Le théâtre peut être magique. Passez une porte, vous changez de continent. Asseyez-vous dans un fauteuil et vous voici projeté très loin de chez vous. Le déplacement peut être géographique ou psychique.
La lumière s’éteint, vous voici happé par une histoire qui vous prend aux tripes. Oui, le cinéma peut produire les mêmes effets. Sauf que là, au théâtre, vous avez des êtres humains devant vous, en chair et en os, venus de l’autre bout de la planète pour vous adresser la parole.
D'autres manières de jouer et de penser le théâtre
A Lyon, le Festival "Sens Interdits" accueille 22 spectacles provenant de 15 pays différents. Tous les deux ans, la métropole rhodanienne devient Tour de Babel, carrefour des langues, des cultures, des opinions et ça fait du bien.
On y découvre d’autres manières de jouer et de penser le théâtre. On y voit surtout un théâtre en prise avec le réel. Un théâtre qui n’est pas là pour distraire, mais pour informer, faire réfléchir voire bousculer. Cela peut passer par le rire comme par l’effroi.
C’est du théâtre vivant, d’aujourd’hui, qui a su captiver à Lyon un public jeune et cosmopolite qui se presse aux spectacles, aux rencontres et aux débats proposés par ce formidable festival situé à deux pas de la Suisse.
Tour de la planète
Quelques spectacles vus en 24 heures. "Tijuana", création mexicaine de l’acteur Gabino Rodriguez, raconte la vie en usine à deux pas de la frontière américaine et la brutalité d’un bidonville où sécurité et "justice" se règlent entre habitants. Le spectacle n’est plus à l’affiche, mais par chance, le théâtre de Vidy-Lausanne le programmera du 7 au 10 novembre prochain. "Baños Roma", mexicain lui aussi, mise en scène de José A. Vargas, parle boxe et violence des gangs dans la riante ville de Juarez.
"Chronique d’une ville qu’on croyait connaître", signé Wael Kadour nous emmène sur les toits de Damas. Le printemps arabe vient d’y débuter, l’espoir est là, mais comment conjuguer l’amour au féminin dans un chaos pareil? "Ma Petite Antarctique", de la formidable troupe russe de Komsomolsk-sur-Amour, le Teatr Knam, questionne l’héritage stalinien de l’Union soviétique au travers du conte de la Reine des neiges. Pourquoi les Russes ont-ils si souvent un cœur de glace?

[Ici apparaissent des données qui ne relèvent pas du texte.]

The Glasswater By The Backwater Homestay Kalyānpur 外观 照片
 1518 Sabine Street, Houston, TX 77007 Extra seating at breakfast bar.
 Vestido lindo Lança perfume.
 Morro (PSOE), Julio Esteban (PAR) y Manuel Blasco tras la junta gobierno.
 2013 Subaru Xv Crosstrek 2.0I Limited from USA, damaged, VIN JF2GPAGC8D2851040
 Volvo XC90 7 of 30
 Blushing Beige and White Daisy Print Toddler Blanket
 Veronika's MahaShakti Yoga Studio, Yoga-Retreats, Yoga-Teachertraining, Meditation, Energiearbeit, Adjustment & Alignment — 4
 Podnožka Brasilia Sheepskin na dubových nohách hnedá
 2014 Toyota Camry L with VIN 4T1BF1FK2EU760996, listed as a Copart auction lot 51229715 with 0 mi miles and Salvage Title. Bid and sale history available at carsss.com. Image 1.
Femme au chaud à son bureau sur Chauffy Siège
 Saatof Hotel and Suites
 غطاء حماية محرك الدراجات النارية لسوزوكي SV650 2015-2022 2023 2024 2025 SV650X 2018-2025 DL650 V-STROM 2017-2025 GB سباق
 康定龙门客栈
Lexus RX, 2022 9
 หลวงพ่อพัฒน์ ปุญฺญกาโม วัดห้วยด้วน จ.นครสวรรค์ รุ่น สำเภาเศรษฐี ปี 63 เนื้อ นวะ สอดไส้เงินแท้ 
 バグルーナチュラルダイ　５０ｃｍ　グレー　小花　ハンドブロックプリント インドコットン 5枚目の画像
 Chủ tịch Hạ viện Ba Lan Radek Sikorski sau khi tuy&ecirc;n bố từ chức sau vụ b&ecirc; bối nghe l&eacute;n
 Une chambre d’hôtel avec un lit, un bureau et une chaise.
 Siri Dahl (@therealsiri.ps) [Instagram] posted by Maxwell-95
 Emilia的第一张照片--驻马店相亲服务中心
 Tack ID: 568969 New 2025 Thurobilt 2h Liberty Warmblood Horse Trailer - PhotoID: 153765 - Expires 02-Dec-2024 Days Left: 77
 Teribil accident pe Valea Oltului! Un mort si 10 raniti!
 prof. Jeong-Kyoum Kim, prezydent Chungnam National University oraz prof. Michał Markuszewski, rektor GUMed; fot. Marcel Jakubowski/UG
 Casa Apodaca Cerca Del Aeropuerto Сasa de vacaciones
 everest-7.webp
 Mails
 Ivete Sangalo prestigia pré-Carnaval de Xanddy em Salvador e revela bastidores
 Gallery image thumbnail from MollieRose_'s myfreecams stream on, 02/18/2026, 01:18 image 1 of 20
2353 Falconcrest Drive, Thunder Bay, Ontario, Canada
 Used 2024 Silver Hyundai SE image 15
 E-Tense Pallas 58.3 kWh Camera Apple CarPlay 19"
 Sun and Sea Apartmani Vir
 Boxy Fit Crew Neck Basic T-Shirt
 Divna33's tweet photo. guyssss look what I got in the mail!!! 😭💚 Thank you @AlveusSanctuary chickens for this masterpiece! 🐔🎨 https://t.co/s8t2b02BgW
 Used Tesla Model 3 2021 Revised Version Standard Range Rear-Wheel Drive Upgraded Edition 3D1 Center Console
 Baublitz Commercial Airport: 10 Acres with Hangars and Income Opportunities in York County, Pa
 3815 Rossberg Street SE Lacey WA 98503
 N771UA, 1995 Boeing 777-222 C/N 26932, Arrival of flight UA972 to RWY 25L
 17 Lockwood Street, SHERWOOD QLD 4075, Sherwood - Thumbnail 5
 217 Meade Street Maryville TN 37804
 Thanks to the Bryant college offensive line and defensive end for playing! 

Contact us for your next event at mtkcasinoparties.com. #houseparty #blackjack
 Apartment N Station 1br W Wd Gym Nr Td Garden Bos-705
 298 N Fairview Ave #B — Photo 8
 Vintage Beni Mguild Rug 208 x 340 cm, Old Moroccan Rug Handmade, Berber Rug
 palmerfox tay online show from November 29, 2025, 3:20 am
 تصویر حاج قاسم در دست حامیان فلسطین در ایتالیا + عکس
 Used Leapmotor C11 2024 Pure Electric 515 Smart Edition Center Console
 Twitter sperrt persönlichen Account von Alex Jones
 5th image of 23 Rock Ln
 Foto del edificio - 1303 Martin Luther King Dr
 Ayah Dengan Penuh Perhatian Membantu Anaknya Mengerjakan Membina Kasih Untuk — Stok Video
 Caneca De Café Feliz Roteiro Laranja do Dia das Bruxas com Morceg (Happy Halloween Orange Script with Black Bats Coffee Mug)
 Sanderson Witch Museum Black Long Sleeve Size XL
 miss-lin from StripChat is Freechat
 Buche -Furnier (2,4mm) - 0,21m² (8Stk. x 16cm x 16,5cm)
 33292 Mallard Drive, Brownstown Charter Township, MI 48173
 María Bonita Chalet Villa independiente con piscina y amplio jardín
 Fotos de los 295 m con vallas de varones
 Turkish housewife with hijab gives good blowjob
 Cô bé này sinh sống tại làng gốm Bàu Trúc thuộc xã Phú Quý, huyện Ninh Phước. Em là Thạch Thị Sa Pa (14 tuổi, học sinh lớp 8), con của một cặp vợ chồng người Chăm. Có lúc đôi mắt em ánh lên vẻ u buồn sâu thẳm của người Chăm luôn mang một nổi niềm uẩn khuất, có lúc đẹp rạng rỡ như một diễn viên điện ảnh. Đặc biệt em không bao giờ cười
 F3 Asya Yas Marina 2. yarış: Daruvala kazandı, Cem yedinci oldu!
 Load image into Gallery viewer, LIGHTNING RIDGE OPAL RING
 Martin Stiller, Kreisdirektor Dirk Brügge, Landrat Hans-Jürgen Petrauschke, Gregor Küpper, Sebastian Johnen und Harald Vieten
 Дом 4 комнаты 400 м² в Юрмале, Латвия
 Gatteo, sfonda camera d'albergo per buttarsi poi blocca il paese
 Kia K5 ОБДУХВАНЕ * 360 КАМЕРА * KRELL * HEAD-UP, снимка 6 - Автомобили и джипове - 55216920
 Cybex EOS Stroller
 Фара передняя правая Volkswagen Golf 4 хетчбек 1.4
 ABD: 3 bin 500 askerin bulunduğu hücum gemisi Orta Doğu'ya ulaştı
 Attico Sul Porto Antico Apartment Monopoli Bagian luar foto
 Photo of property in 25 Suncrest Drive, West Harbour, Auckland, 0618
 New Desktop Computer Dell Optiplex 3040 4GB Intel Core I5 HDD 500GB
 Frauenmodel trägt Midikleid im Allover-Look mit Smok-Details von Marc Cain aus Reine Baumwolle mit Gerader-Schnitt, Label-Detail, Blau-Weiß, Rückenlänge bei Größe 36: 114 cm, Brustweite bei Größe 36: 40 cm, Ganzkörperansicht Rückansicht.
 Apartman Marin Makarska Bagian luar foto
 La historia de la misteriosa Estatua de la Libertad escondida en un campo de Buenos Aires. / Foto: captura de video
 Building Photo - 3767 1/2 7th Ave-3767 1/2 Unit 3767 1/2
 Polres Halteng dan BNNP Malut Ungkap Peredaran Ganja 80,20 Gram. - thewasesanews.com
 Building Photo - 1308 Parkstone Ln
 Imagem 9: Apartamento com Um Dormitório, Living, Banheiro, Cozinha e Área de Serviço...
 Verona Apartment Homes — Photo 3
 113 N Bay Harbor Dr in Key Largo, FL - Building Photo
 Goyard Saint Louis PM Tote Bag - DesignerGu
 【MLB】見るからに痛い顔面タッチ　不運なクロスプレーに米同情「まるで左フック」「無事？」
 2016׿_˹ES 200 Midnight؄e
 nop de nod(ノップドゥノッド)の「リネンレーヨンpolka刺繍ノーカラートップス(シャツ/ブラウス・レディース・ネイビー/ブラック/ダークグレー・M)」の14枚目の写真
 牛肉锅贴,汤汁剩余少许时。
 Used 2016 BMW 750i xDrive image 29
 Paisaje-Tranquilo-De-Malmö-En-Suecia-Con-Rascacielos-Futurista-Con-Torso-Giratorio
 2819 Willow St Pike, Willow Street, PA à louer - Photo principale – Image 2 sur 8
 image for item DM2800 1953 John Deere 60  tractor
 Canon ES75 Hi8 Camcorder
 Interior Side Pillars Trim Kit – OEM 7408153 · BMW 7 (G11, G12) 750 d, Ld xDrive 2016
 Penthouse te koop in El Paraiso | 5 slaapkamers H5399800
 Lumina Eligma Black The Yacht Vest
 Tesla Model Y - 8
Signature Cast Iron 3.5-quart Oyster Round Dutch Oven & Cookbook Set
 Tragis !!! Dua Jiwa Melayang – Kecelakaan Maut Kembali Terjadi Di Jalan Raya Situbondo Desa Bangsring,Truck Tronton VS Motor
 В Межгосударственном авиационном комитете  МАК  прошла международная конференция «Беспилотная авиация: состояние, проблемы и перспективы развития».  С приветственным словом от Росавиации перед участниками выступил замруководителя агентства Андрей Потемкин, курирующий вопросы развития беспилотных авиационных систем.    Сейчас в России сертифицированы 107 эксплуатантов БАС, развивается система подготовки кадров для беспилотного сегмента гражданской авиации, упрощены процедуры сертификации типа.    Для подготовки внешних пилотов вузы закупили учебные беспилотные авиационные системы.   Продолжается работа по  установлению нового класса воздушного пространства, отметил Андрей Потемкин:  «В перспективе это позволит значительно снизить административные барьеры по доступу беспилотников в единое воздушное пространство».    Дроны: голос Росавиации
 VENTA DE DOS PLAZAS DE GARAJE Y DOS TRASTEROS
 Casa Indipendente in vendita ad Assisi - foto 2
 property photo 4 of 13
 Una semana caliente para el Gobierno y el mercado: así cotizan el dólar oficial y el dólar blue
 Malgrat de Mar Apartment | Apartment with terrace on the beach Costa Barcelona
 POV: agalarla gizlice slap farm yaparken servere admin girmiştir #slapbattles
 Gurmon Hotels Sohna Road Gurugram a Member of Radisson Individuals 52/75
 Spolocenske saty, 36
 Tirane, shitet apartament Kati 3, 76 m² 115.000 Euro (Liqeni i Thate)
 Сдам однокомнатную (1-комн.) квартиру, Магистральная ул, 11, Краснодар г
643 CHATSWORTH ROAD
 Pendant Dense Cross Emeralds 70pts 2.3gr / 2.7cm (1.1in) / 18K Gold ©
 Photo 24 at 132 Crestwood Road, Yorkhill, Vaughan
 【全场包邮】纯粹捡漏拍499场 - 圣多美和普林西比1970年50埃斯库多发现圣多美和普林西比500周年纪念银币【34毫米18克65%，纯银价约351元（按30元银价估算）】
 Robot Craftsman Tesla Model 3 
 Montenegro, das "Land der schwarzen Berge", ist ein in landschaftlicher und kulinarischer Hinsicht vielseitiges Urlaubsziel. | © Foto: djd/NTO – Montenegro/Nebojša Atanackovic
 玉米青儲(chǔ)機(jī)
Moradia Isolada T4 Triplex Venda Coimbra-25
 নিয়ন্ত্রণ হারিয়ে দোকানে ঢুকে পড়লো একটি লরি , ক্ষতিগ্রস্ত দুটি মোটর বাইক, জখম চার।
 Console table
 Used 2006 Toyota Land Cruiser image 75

Russe également, "Constitution" de l’Académique de théâtre de Perm, confronte les textes officiels, aussi généreux qu’humanistes, avec la réalité soviétique et aujourd’hui russe sous la présidence de Poutine. "Henrietta Lacks" de la Polonaise Anna Smolar raconte un aspect ambigu de la recherche biomédicale tout en dansant des claquettes. Ecrit par la journaliste reporter Florence Aubenas, "Le Quai de Ouistreham" se plonge dans le monde invisible, des techniciennes de surfaces, alias les préposées au nettoyage industriel.
Vous avez le tournis? On ne ressort pas indemne d’un tour de planète aussi puissant et aussi rapide. Des spectacles marquants qui mériteraient une vie plus longue que le temps d’un festival. "Sens Interdits" l’a compris: la manifestation diffuse désormais certains spectacles dans toute la France et au-delà.
19 lieux disséminés dans la ville
Au festival "Sens Interdits", on entend beaucoup de langues différentes sur les plateaux mais aussi dans le public. Il fallait entendre à Lyon, Théâtre du Point du Jour, les nombreux shukran, "merci" à la fin du spectacle syrien qui parlait d’homosexualité féminine et de suicide, deux sujets rarement abordés dans la culture arabo-musulmane.
19 lieux disséminés dans toute la ville, du théâtre le plus établi à des salles plus périphériques, accueillent les propositions détonantes du directeur Patrick Penot et de ses équipes de "Sens Interdits". Et les programmateurs, notamment suisses, ne manquent plus ce rendez-vous théâtral aussi engagé que volontariste. Preuve que le théâtre reste un moyen fabuleux pour raconter notre monde.